Ve şu anda buyurun Suriye’de olanlar. Birisi Esed. Devlet terörü estiriyor -ki IŞİD’in arkasında aynı zamanda o var, ciddi destekler verdi- ama aynı şeyi bakıyorsunuz, Musul’dan, oradaki Arap kardeşlerimiz bu IŞİD’in terör tehdidinden kaçarken ne yazık ki onlar da çok ciddi kurbanlar verdiler.

Kardeşlerim,

Çok uyanık olacağız. Biz bu terör örgütlerine inşallah ülkemizde de, bölgemizde de fırsat vermeyeceğiz. İşte dün Bingöl’de 2 polisimizi şehit ettiler, ama bedelini de anında ödediler ve 4 tane bu katil, bu alçaklar yine emniyet güçlerimiz tarafından anında cezalandırıldılar.

Değerli Kardeşlerim,

Bundan sonra süreç çok daha farklı işleyecektir. Bunu herkesin bilmesi lazım. Bugün, ilginç, Ana Muhalefetin başındaki zat, benimle ilgili “Siyasi partinin başkanı gibi konuşuyor” dedi. Bir defa, hala bulunduğun yeri, konumu öğrenememişsin. Ben bir Cumhurbaşkanı olarak, cumhurun başı olarak hükümetimizle, iktidarımızla hiçbir zaman aykırı olmayacağım, beraber olacağım, bunu her zaman söyledim. Önünde engel olmayacağım. Yani, bütün bu terör eylemlerinde ben hükümetimin karşısında durup, senin yanında mı yer alacaktım? Benden bunu mu bekliyorsun? Yoksa o diğer, bir tane daha siyasi parti var. Onun da mı yanında yer almamı bekliyordun? Ben hak neredeyse orada yerimi alacağım. Bunu böyle bilmeniz lazım.

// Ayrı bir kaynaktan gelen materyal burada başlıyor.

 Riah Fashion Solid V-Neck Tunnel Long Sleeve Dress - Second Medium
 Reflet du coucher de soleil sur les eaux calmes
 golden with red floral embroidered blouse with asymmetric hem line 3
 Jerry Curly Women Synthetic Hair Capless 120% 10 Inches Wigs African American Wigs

Farklı bir Cumhurbaşkanı olmak böyle olur. Bunu başında söyledim, bu yola girdiğim zaman söyledim. ‘Farklı bir Cumhurbaşkanı olacağım, alışılmış değil, statükocu değil.” Ya? “Bu statükoları ayaklarının altına alan bir Cumhurbaşkanı olacağım” dedim. Ve şu anda bölücü terör örgütlerinin karşısında en önce şahsımın dikilmesi gerekir. Çünkü 77 milyon halkımın sorumluluğu var üzerimde ve bu sorumluluğun bilincinde olan iktidarın da tabii ki yanında olacağım. Bundan daha doğal, tabii ne olur?

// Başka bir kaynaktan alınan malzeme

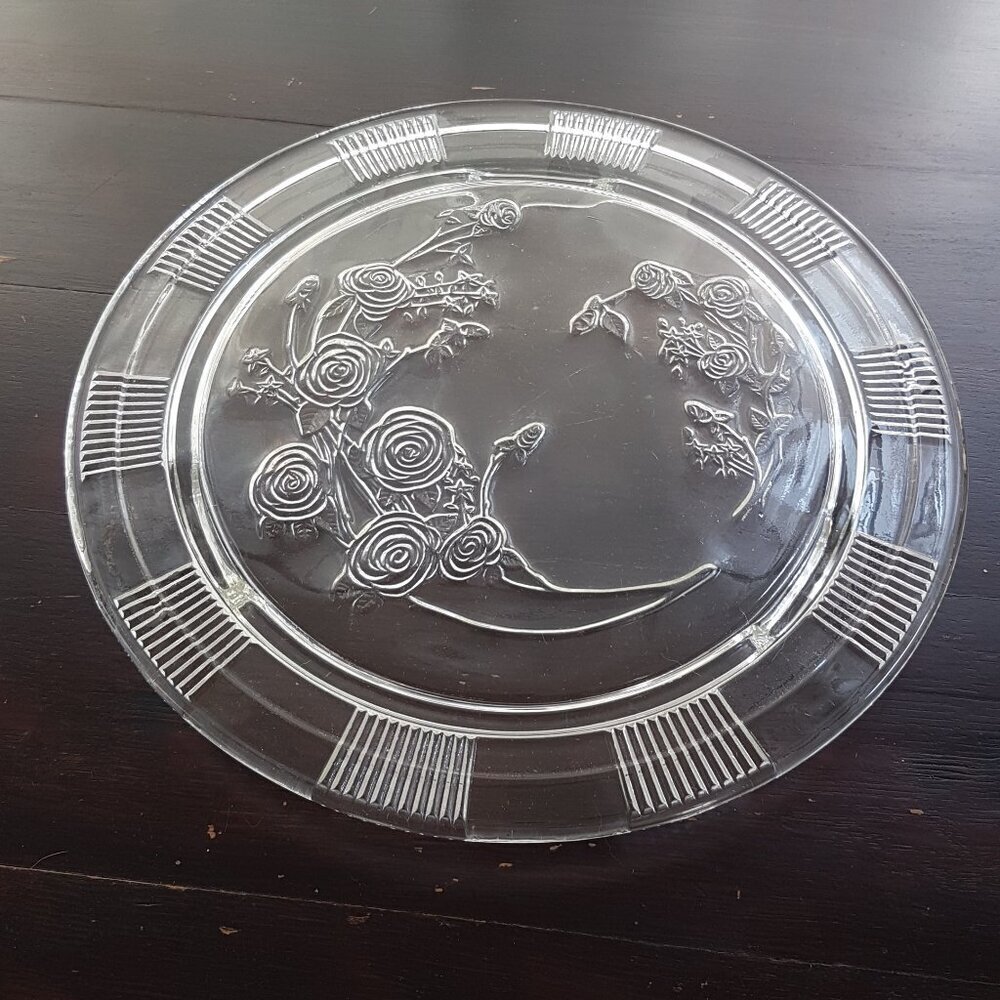 1930s Federal Depression Glass Cake Stand - Sharon or Cabbage Rose Pattern Pedes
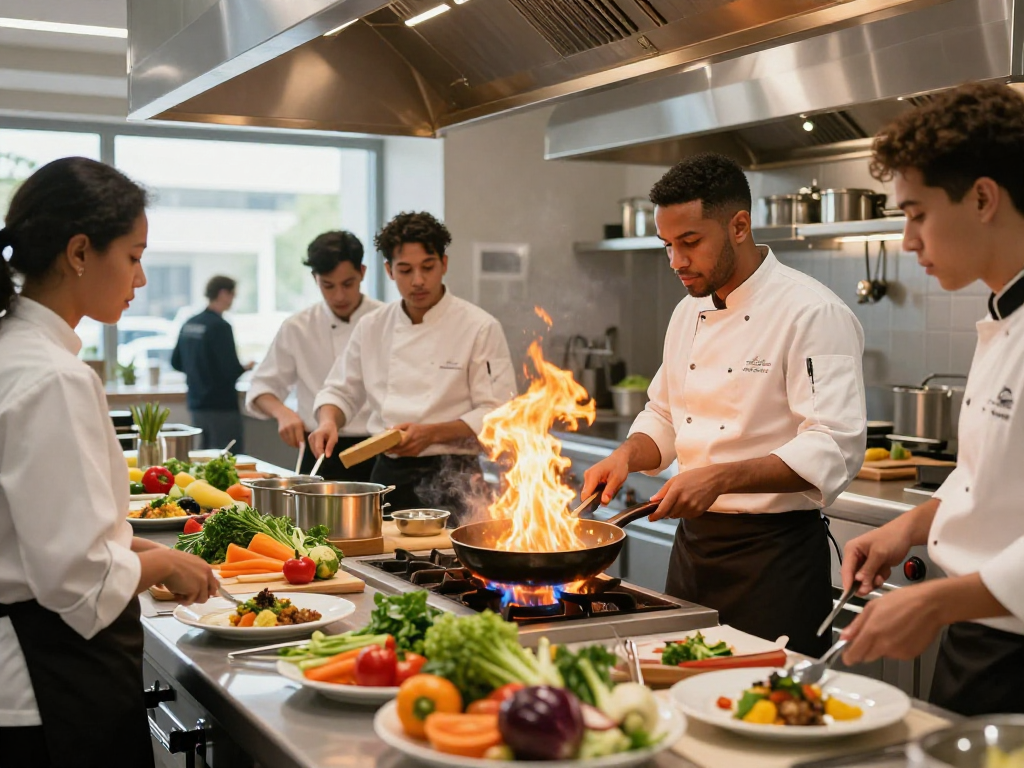 rokok88: Diverse culinary team collaborates in vibrant restaurant kitchen, showcasing expert cooking techniques and fresh ingredients.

El ele vereceğiz, tüm kurumlarımızla beraber inşallah bu işi çözeceğiz, er veya geç çözeceğiz, hiç endişeniz olmasın. Hiç endişeniz olmasın.

Kardeşlerim,

Bir süreçtir, 12 yıl devam etti ve bugünlere geldik. Yaptıklarımız, yapmakta olduklarımız hepsi belli. Türkiye neredeydi nerelere geldi. Yeterli mi? Değil. 2023 hedeflerimiz var. Bu hedeflere de ulaşacağız ve Türkiye inşallah 2023’te çok farklı bir konumda olacak.

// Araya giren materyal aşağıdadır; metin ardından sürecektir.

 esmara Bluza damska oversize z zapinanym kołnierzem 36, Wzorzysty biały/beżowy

İnşallah kişi başına milli gelirin 25 bin Dolar olduğu günleri göreceğiz. İşte, 3 bin 500 Dolardan başladık, şu anda 10 bin 500 Dolardayız. 11 senede buraya geldik. İnşallah önümüzdeki 9 yılda bunu Allah'ın izniyle 25 bine çıkaracağız. Hep beraber bunları yapacağız, el ele vererek yapacağız. Bir olacağız, iri olacağız, diri olacağız, kardeş olacağız, hep birlikte Türkiye olacağız ve bunu inanıyorum bunları gerçekleştireceğiz.

Kardeşlerim,

Sizlere inanıyorum ve bizim millet bilincimizi kimse bozamayacak. Bizim bayrak sevdamızı kimse engelleyemeyecek. Bizim vatan bilincimizi kimse gölgeleyemeyecek. Bizim devlet anlayışımızı kimse gölgeleyemeyecek. Onun için biz ne diyoruz? Gençler… “Tek millet, tek bayrak, tek vatan, tek devlet”. Bunu biliyorsunuz değil mi? Bu işareti hatırladınız değil mi? Unutmayın, Esmaları unutmayın. Esmaları da biliyorsunuz değil mi? Onlar otokratik rejimlerin egemenliğinde, otokratik rejimlerin, ne yazık ki, şehit ettiği kızlarımızdı Esmalar. Biz bu bilinçle, bu anlayışla yarınlara yürüyoruz. Elhamdülillah, bizim Esmalarımız çok.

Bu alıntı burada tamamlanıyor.